À l’occasion de la Journée mondiale des compétences des jeunes 2025, l’organisation faîtière paneuropéenne de la diaconie Eurodiaconia a souligné l’importance de l’éducation, du soutien et des opportunités pour les jeunes. Dans un communiqué, l’organisation attire l’attention sur le nombre alarmant de jeunes dans l’UE qui ne sont ni en emploi, ni en formation, ni en éducation (NEET). En 2024, cette proportion était de 11 % chez les 15-29 ans. Dans certains pays comme la Grèce, la Lituanie, l’Italie et la Roumanie, elle atteignait même 14 % ou plus. La situation est particulièrement précaire pour les jeunes Roms et les citoyens non européens, dont respectivement 56 % et près de 47 % sont menacés d’exclusion sociale en raison d’un décrochage scolaire précoce, d’un accès limité au marché du travail et de discriminations structurelles, selon le communiqué.
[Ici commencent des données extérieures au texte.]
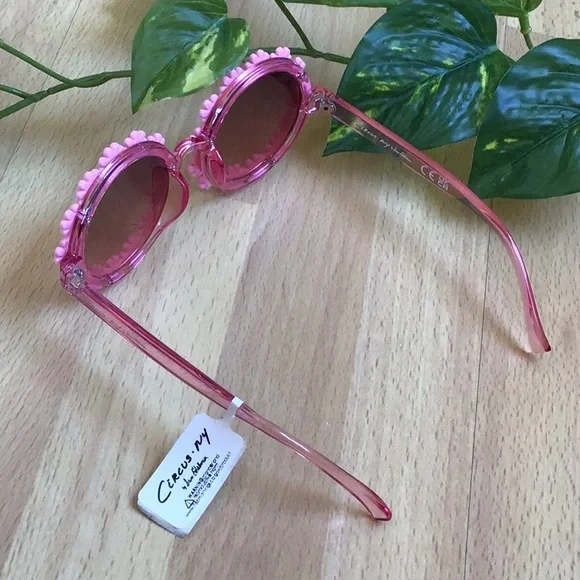 Daisy Sunglasses by Circus NY Sam Edelman - Picture 9 of 15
« Trop de jeunes en Europe et ailleurs entrent dans l’âge adulte sans disposer des compétences, des réseaux de soutien ou des opportunités nécessaires pour mener une vie qui a du sens », poursuit le communiqué. Outre la formation scolaire et professionnelle, la résilience émotionnelle et l’engagement social sont également déterminants. Les jeunes doivent être au centre de tous les efforts visant à façonner des perspectives d’avenir inclusives et durables, selon le communiqué.
Eurodiaconia met en avant trois projets qui montrent comment une aide concrète peut être apportée : En Espagne, Diaconía España soutient, dans le cadre du Proyecto Umbral, les jeunes adultes qui doivent quitter les structures d’aide de l’État. Ces « care leavers » sont souvent contraints de mener une vie indépendante dès l’âge de 18 ans, généralement sans revenu stable, sans logement et sans soutien familial. Le projet offre un logement et un soutien individuel pour les questions juridiques, émotionnelles et sociales. Il met l’accent sur le développement de compétences clés qui doivent permettre aux jeunes de prendre des responsabilités, de s’impliquer dans la société et d’accéder au marché du travail.
En Suède, l’Östergötlands Stadsmission de Norrköping mène le projet Trygga Orten, qui lutte contre l’exclusion sociale, le faible niveau d’éducation et le chômage des jeunes dans l’un des quartiers les plus défavorisés. Dans ce quartier, 37 % de jeunes en moins que la moyenne nationale poursuivent leurs études dans l’enseignement secondaire. Le taux de chômage des jeunes y est de 15 %, soit deux fois plus que la moyenne nationale, et le revenu moyen est inférieur de 40 %. L’engagement social, par exemple dans le sport ou lors des élections, est également beaucoup moins développé dans ce quartier. Trygga Orten combine des offres éducatives et de loisirs telles que l’aide aux devoirs, des formations au leadership et des emplois d’été. Plus de 300 jeunes y ont participé jusqu’à présent. « En impliquant activement les jeunes dans la conception du projet, Trygga Orten favorise la durabilité sociale et la responsabilité locale », indique le communiqué. Le projet se veut un modèle de changement social à long terme.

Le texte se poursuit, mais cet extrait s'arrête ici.